Wie sieht die Zukunft des Handwerks aus?
Jens Prager: Digital, nachhaltig und vielfältig. Smarte Gebäudetechnik, ressourcenschonendes Bauen und Automatisierung sind schon jetzt zentrale Themen. Aber eines wird immer bleiben: der persönliche Kontakt und das handwerkliche Können.
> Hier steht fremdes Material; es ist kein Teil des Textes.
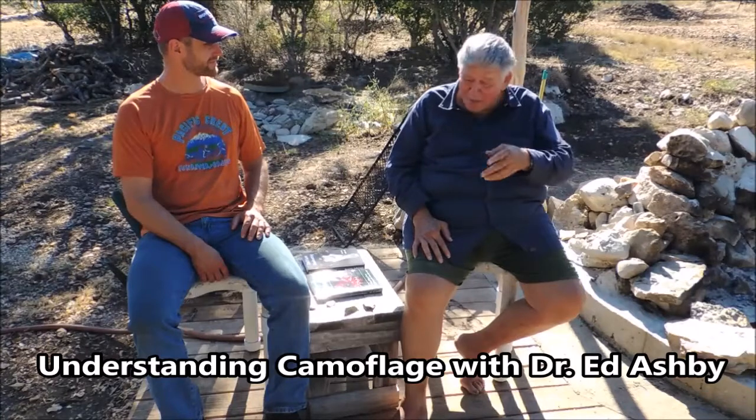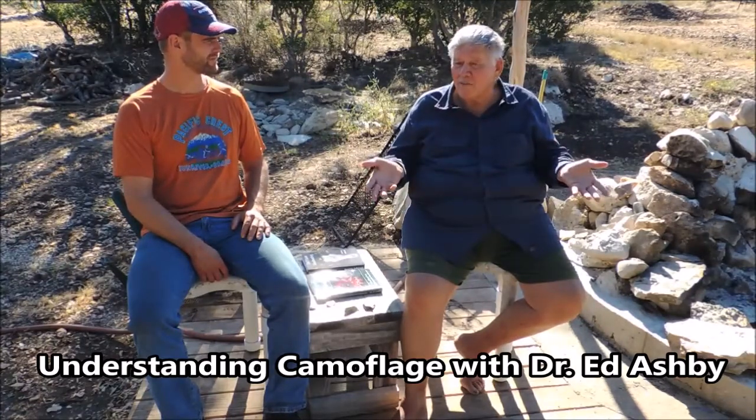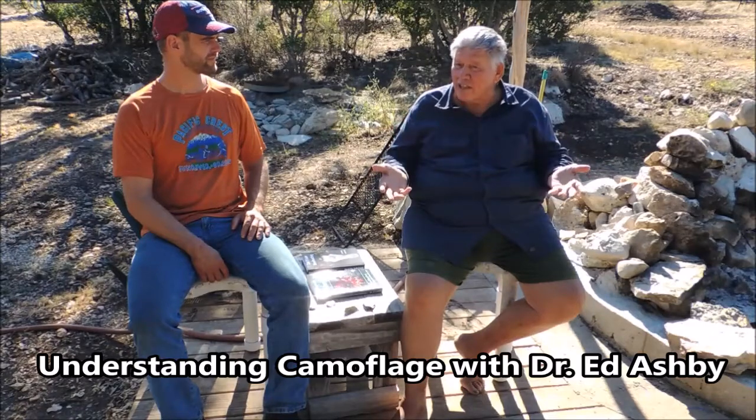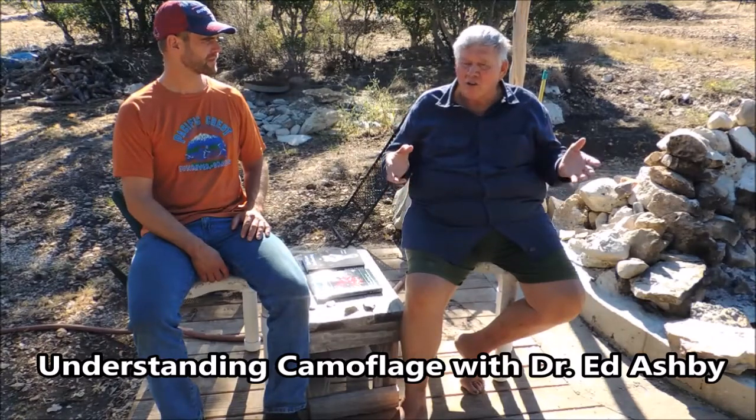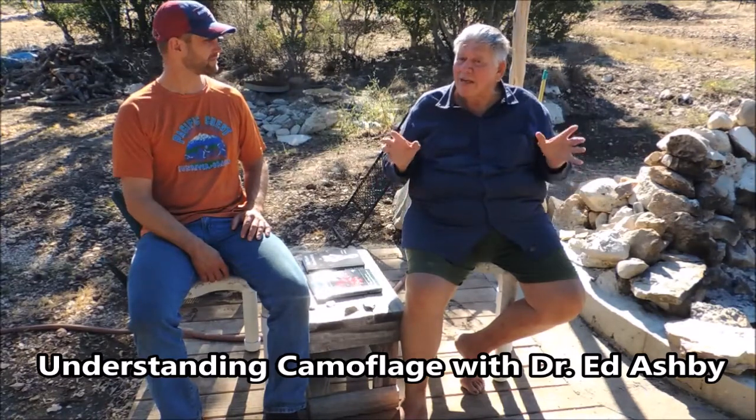Another thing, as we were discussing last night, is camouflage. Most people don't understand camouflage. What it's intended to do — it's not to make you look like something, make you look like a tree or a bush. It's to make you look like nothing.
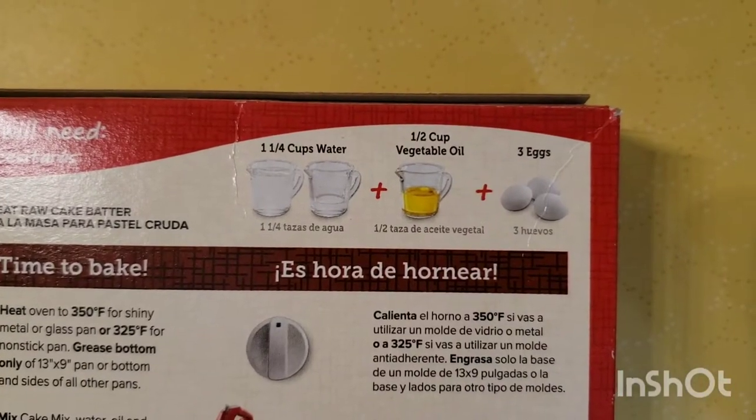Hey guys, welcome back to Never Tasted Better. Today I want to show you how to take a simple box chocolate cake mix and make bakery-level cupcakes out of it.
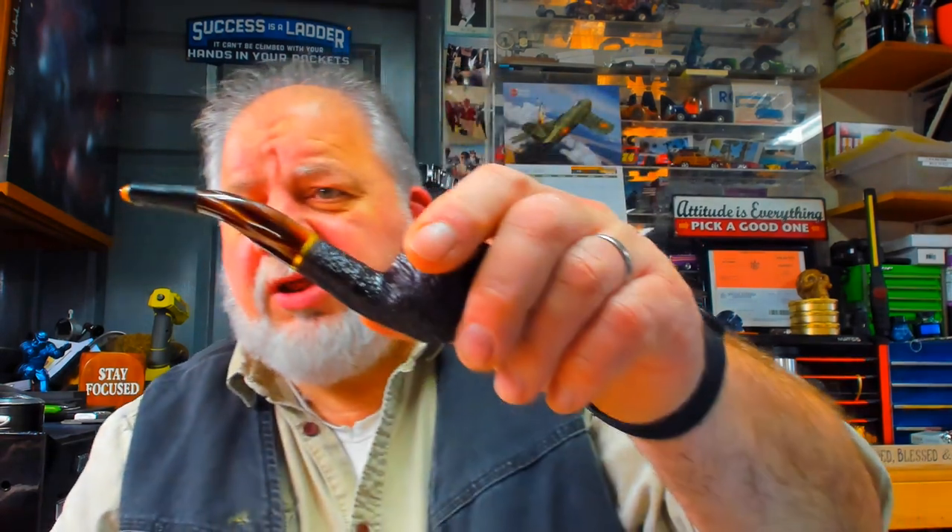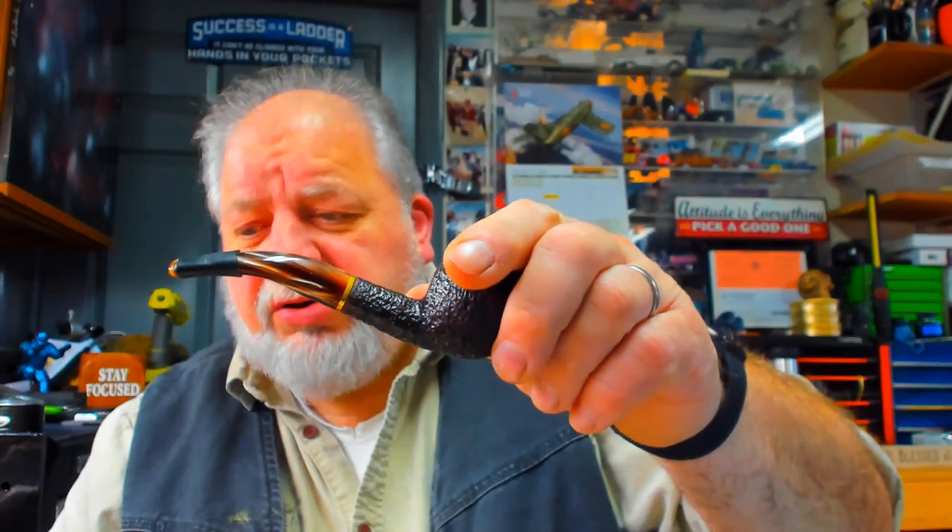If you use Softie Bits, they're really nice quality. They're a little longer, as I mentioned, and it says Softie Bit right on them — Made in the USA stamped right on them. I tried it on this pipe and it works just as well. See how much longer they are. They really do protect the stem, and I like the way they feel.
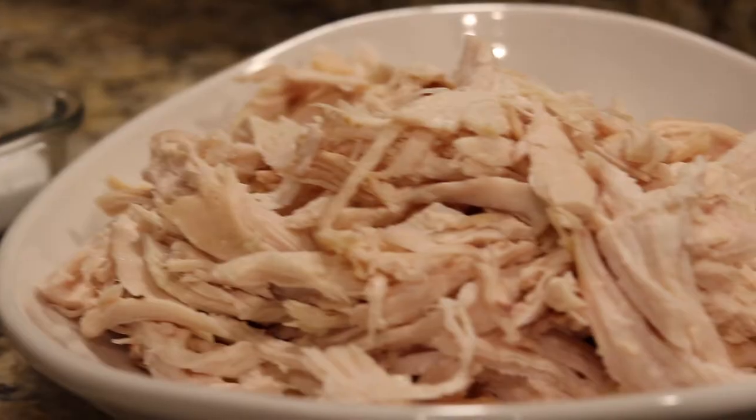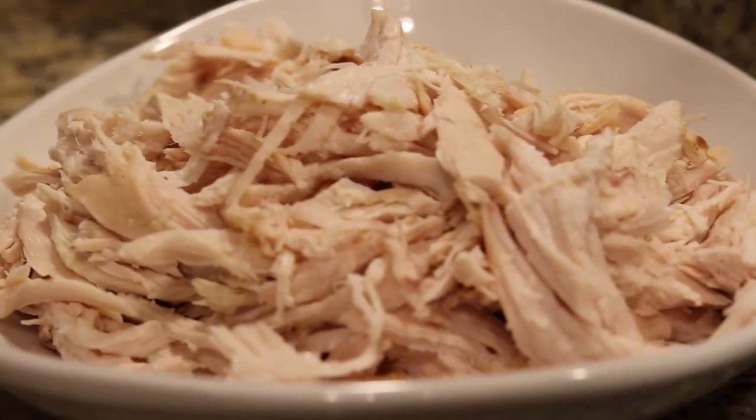Today we're doing Mama Liles' chicken salad. When we ran Liles Barbecue for six years, chicken salad was one of those things that would come out every single summer and people would love it. We always had some leftover smoked chicken that we would cool down from the day before, chop it up into real quarter-inch pieces, and then Mama Liles would make this amazing smoked chicken salad.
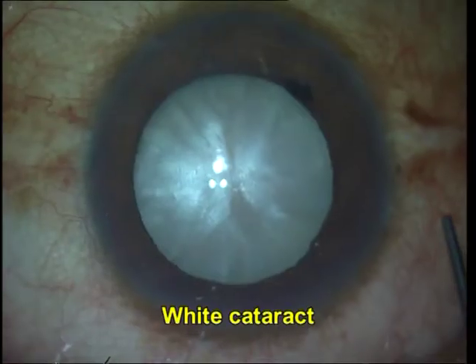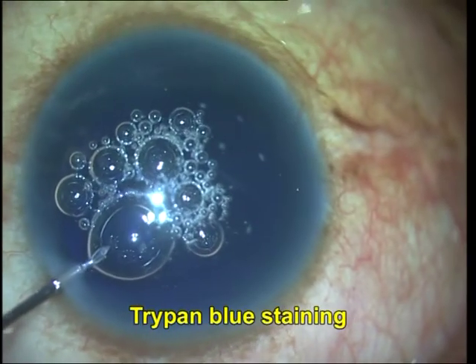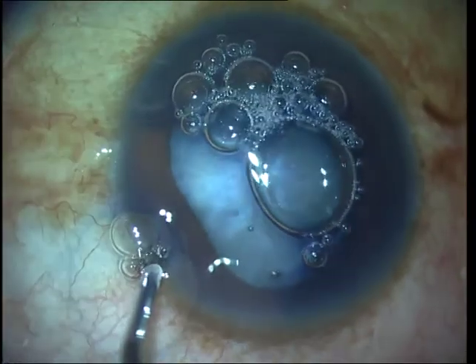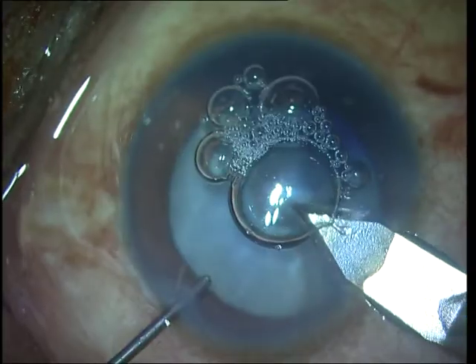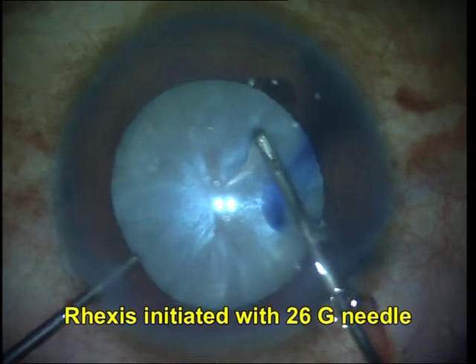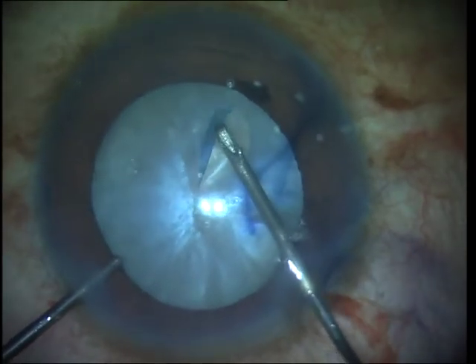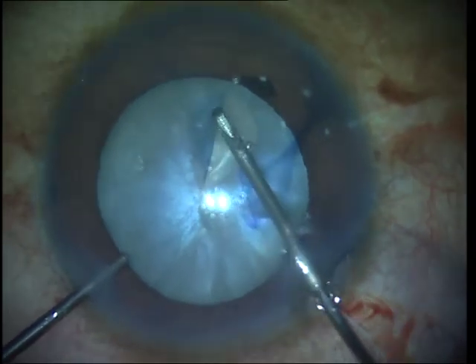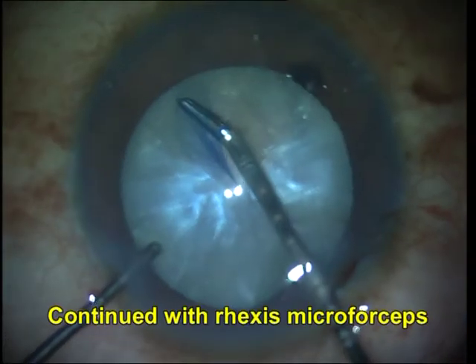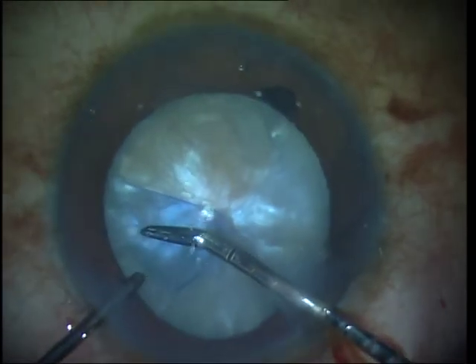This is another white cataract case where I am doing a vertical chop using a short sharp chopper - the Agarwal chopper - and I have no financial interest in this product. You can see that I am initiating the rhexis with a 26 gauge needle. There is no milky fluid here; however, the intralenticular pressure can still be raised, and therefore it is often wise to move to a rhexis micro forceps rather than try to continue with a cystitome.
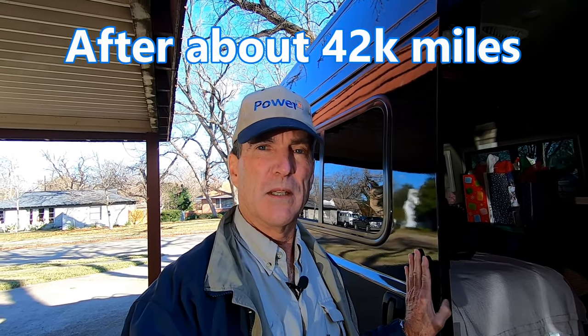Is the sliding door on your ProMaster giving you fits when you drive down the road and you hear squeak, squeak, squeak? Ours started doing it for the first time a couple of days ago as we were finishing our cross-country trip — halfway across the country — to spend holidays with our Texas relatives.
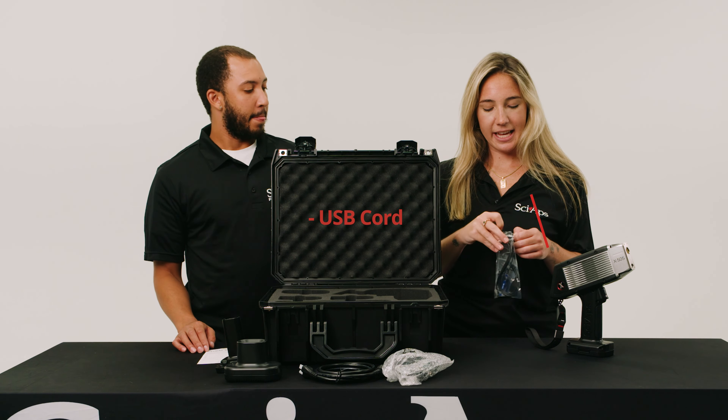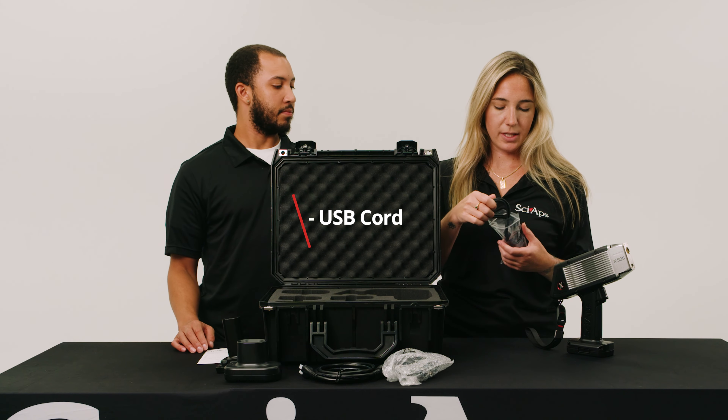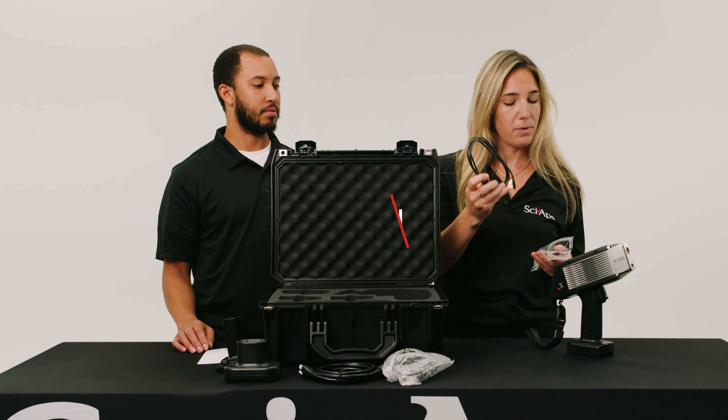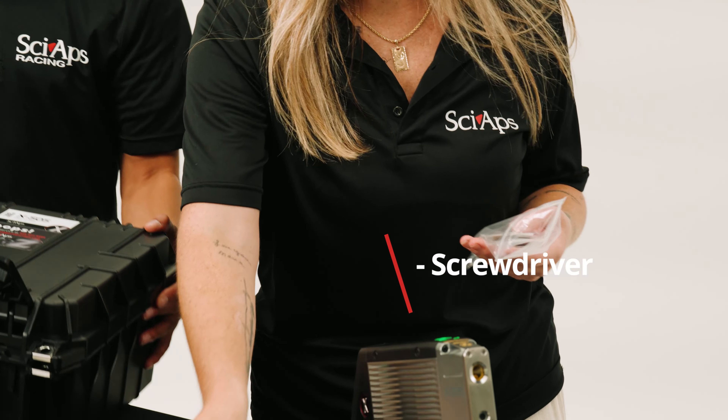You'll also receive this kit that includes your USB input so you can plug this into the computer and use profile builder, and a screwdriver if you want to remove the nose plate.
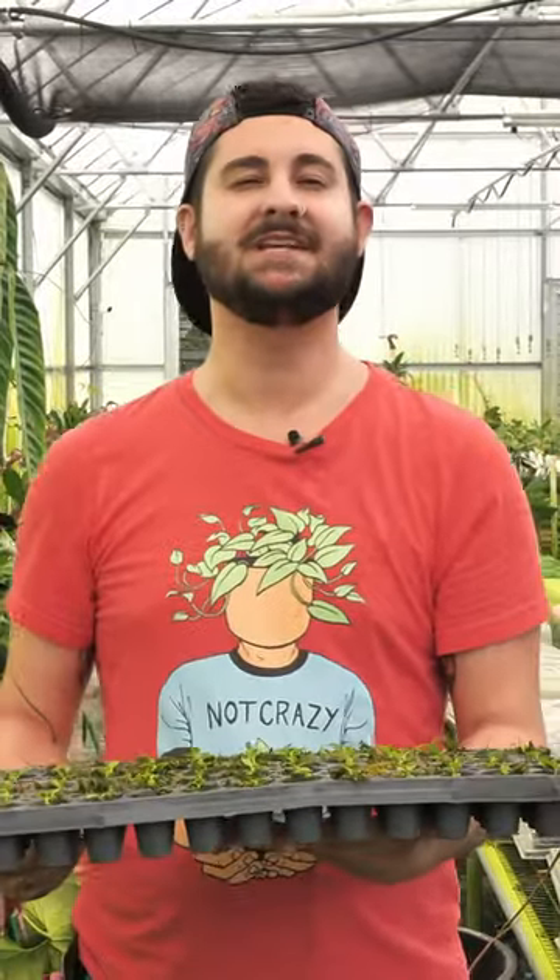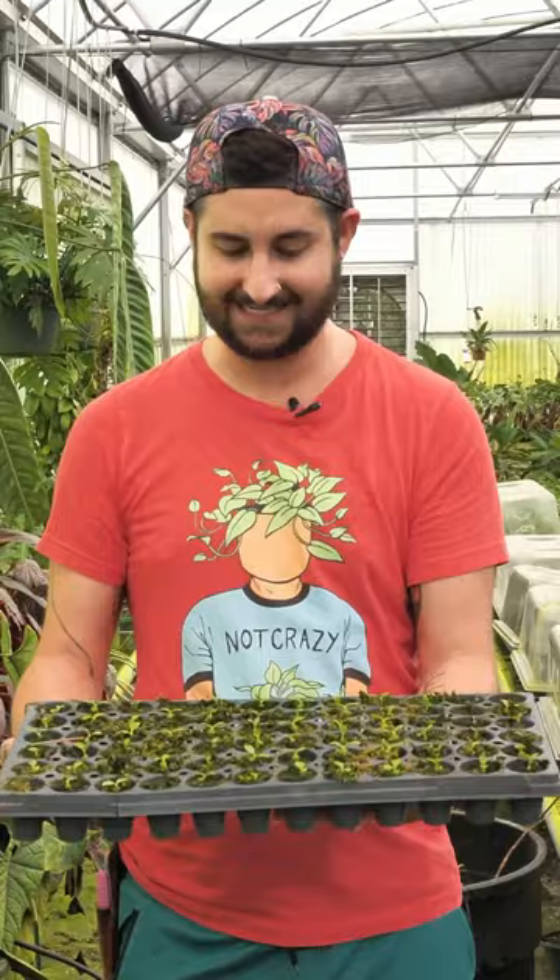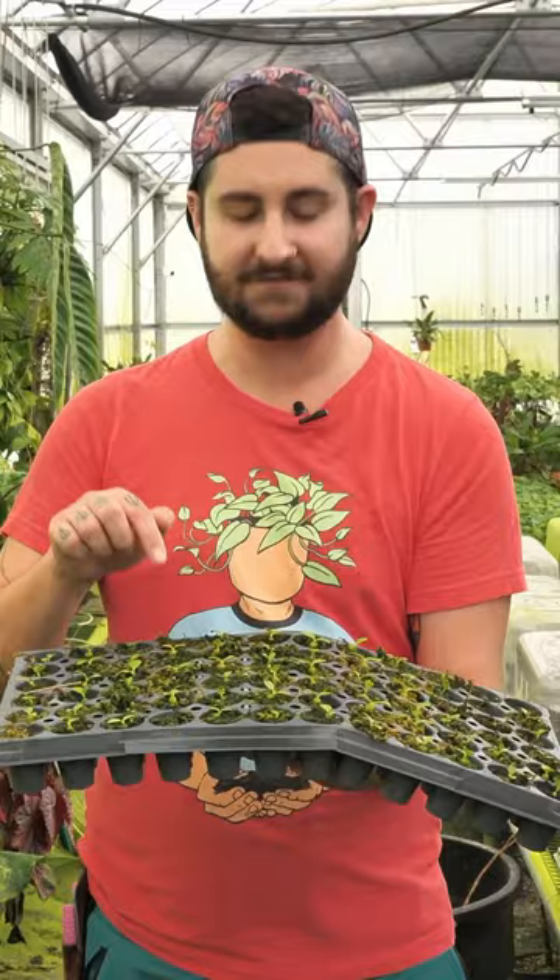On April 27th, we harvested and sowed ant plant seeds from Myrmecodia becarii. And these are the seedlings that germinated from those seeds. It is so cool looking at all these babies here. They already have little itty bitty caudexes, little swollen trunks forming. Wanted to share this with all of you.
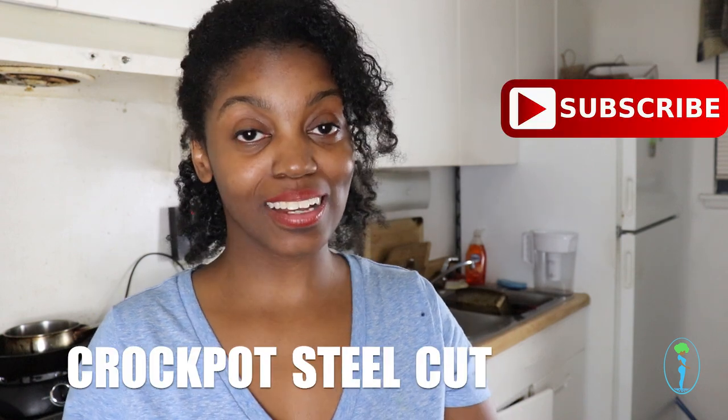Hi guys, welcome back to my channel. I'm Gina Marie from the food blog veganwithcurves.com and today we're going to be doing a breakfast themed recipe tutorial. One of my favorite things to eat for breakfast — crockpot steel cut oats.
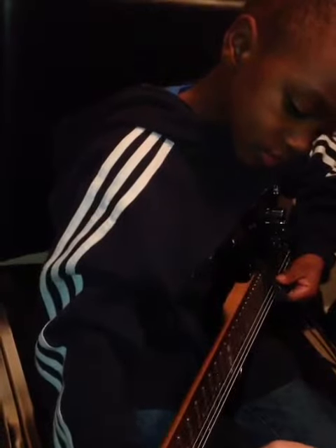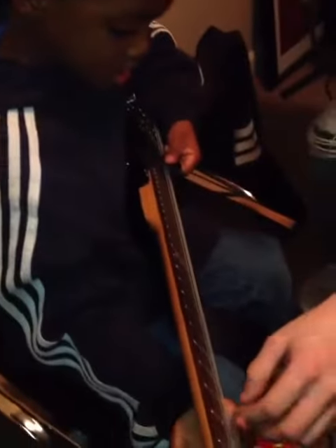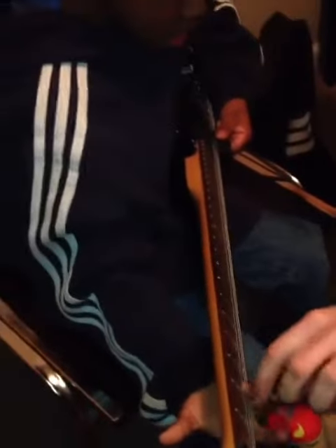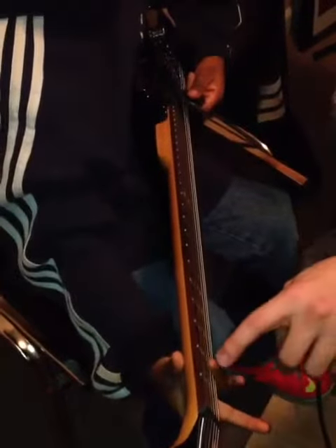Close. Can you see where my first finger is? Can you press down like that? Almost. Right there. Press down right on that string. You gotta keep it just like this — very tip of the finger. That's right, bud. You're gonna get this. You gotta be patient.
Gerade in einer ländlich geprägten Region wie Ostwestfalen-Lippe ist das Handwerk nicht nur Arbeitgeber, sondern auch eine wichtige Stütze der Gesellschaft – als Ausbilder, Innovationstreiber und wirtschaftliches Rückgrat.
Was fordern Sie von der Politik?
Jens Prager: Wir brauchen dringend weniger Bürokratie, eine Beschleunigung des Verwaltungsvollzugs, bessere Förderstrukturen für die berufliche Bildung und eine echte Gleichstellung von beruflicher und akademischer Bildung. Gerade beim Thema Fachkräfte muss mehr passieren – das beginnt schon in der Schule mit einer stärkeren Berufsorientierung. Und natürlich brauchen unsere Betriebe steuerliche Entlastungen und verlässliche Rahmenbedingungen, damit sie investieren und wachsen können.
Wie feiern Sie das 125-jährige Jubiläum der Handwerkskammer OWL?
Jens Prager: Wir wollen nicht nur unsere Tradition feiern, sondern auch zeigen, dass das Handwerk modern, innovativ und zukunftsfähig ist. Unser Jubiläumslogo, das seit Jahresbeginn an unserer Fassade leuchtet, steht genau für diese Verbindung von Vergangenheit und Zukunft. Dazu kommen Themenwochen, Ehrungen für besonders langjährige Betriebe und eine Jubiläumswebsite. Ein besonderes Highlight wird auch in diesem Jahr die Verleihung des Zukunftspreises sein, der sich mit dem Thema Ressourcenschonung befasst. Mit all diesen Aktionen wollen wir eines deutlich machen: Das Handwerk ist nicht nur eine tragende Säule, sondern auch das Schwungrad für die wirtschaftliche Transformation unserer schönen Region.